Em paralelo a esse enredo, vemos o cotidiano do menino Teobaldo, uma criança que vive em uma típica família do interior paraibano: o pai, ausente; a mãe, reprimida pela Igreja. Teobaldo tem seus desejos sexuais de autodescoberta do seu corpo reprimidos pela visão tradicional da Igreja, que busca adestrar corpos e mentes. Ao mesmo tempo, tudo se transforma quando seu irmão mais velho chega da cidade – e percebemos que o irmão vem participando da luta política contra a ditadura. Joel, num recurso autobiográfico, mostra como a praga do algodão não é suficiente para amordaçar o potencial de um jovem comunista, que está ali a desabrochar. Ainda que o algodão sucumba, há algo ali a desabrochar: o espírito de um jovem comunista. A libderdade está na expansão do desejo de corpos e mentes, para além das instituições repressoras (o estrangeirismo, a Igreja, a família).

Do voluntariado americano ao bicudo: quando história e política se entrelaçam
A sequência final é bastante sugestiva: o menino se vinga do americano plantando uma armadilha, em frente à Igreja.
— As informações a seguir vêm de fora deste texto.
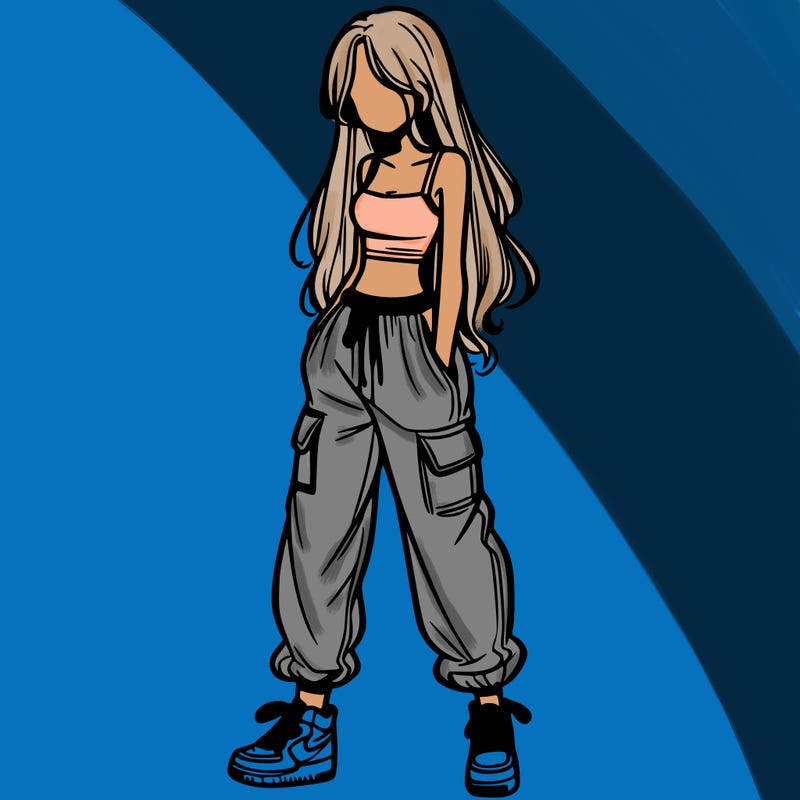 girl in baggy pants crop top and long hair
Essa brincadeira de criança se torna uma aventura revolucionária. Vemos a situação no extracampo, pelos olhos da criança. Teobaldo já pode brincar com seu amigo e plantar armadilhas para o inimigo. E de repente o filme acaba, deixando o espectador atônito. Alguns espectadores presentes se queixaram da falta de um ato final que amarasse as duas pontas. Mas creio que o mérito do filme é justamente esse: acabar o filme na tomada de consciência do menino, independentemente do futuro desse americano. A atualidade dessa reflexão sobre o americanismo no Brasil de hoje é surpreendente, uma vez que o projeto do filme foi amadurecido durante muitos anos. A isso dá-se o nome de sincronicidade histórica.
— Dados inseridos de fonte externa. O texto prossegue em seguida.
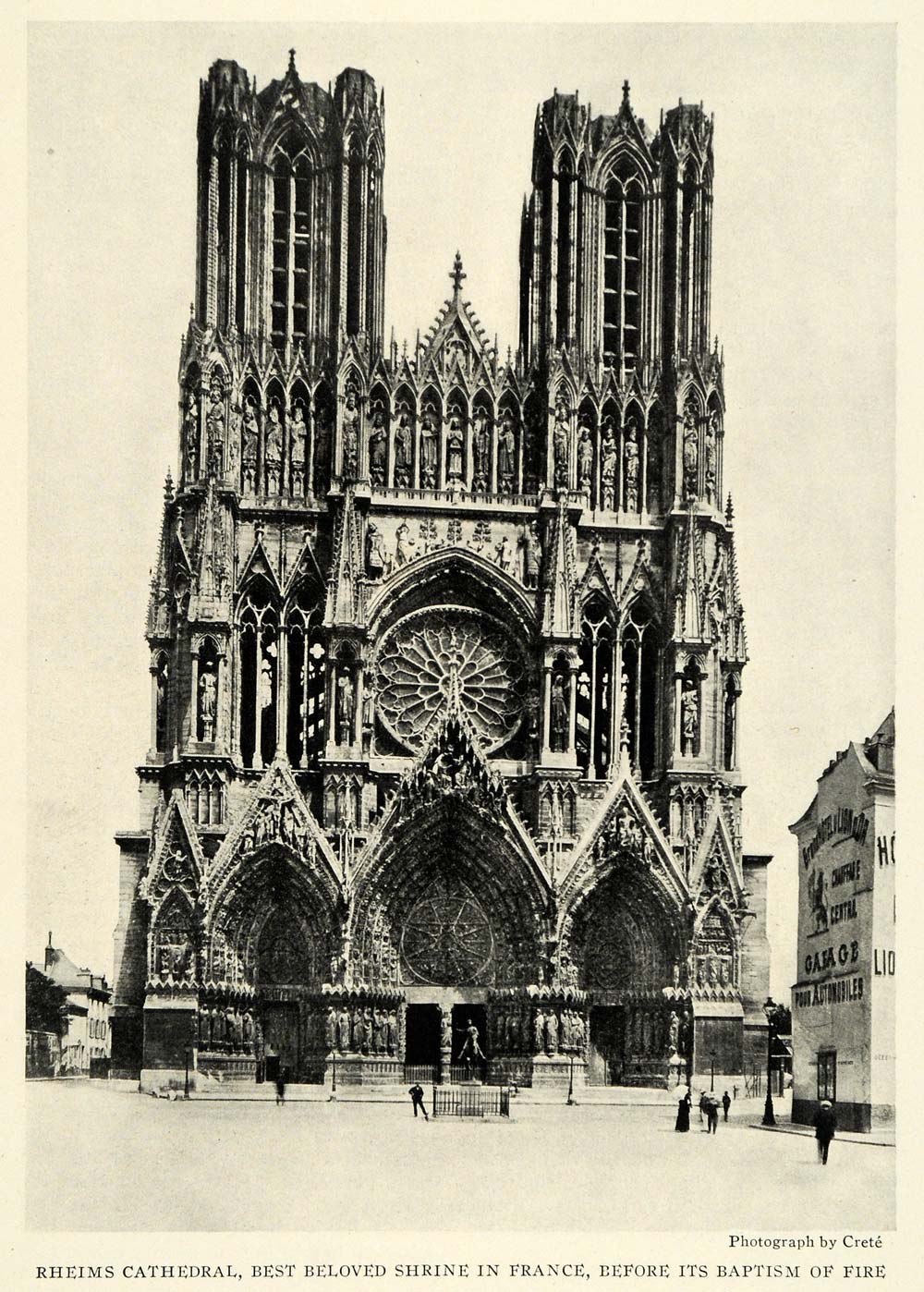 1922 Print Rheims Cathedral France Rayonnant Crete Pinnacle Tympanum Lancet NGM1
A meu ver, apenas uma ressalva mais direta: a cena em que Corpo da paz retrata a tortura do estudante. Para um filme com tantas elipses e sutilezas, creio ser desnecessária a cena em que a tortura é apresentada de forma explícita. Pois acredito que o foco do filme não é a tortura, mas sim as projeções da luta no imaginário do menino Teobaldo.